• [WHAT IS EXPECTED]: Copy, exactly and without additions, every line in the records below from the one holding "A playground with" through the one holding "Wat Pho Bangkok Guide Lead Min", both ends included.

Extracted records
━━━
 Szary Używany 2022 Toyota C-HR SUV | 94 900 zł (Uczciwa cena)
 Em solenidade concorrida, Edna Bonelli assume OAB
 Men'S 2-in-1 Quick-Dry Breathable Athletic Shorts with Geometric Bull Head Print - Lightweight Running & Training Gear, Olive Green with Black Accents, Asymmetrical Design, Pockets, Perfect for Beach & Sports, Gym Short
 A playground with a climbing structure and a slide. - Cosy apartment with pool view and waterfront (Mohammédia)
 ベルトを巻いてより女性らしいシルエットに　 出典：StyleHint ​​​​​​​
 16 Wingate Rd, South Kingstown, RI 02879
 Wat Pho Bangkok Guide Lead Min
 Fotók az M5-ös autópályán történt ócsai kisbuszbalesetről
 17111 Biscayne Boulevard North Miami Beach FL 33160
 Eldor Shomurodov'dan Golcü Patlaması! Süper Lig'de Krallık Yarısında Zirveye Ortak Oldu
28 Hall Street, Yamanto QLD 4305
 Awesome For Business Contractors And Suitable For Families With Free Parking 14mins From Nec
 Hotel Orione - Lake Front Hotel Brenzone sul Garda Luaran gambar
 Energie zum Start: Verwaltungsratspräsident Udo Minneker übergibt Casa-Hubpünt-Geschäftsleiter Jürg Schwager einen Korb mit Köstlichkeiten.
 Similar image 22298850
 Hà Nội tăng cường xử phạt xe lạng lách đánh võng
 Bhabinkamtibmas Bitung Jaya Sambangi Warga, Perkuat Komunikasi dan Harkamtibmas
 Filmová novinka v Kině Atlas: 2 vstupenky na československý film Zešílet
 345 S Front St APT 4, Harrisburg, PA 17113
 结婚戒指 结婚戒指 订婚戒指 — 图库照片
━━━
• [TASK OUTPUT]:
 A playground with a climbing structure and a slide. - Cosy apartment with pool view and waterfront (Mohammédia)
 ベルトを巻いてより女性らしいシルエットに　 出典：StyleHint ​​​​​​​
 16 Wingate Rd, South Kingstown, RI 02879
 Wat Pho Bangkok Guide Lead Min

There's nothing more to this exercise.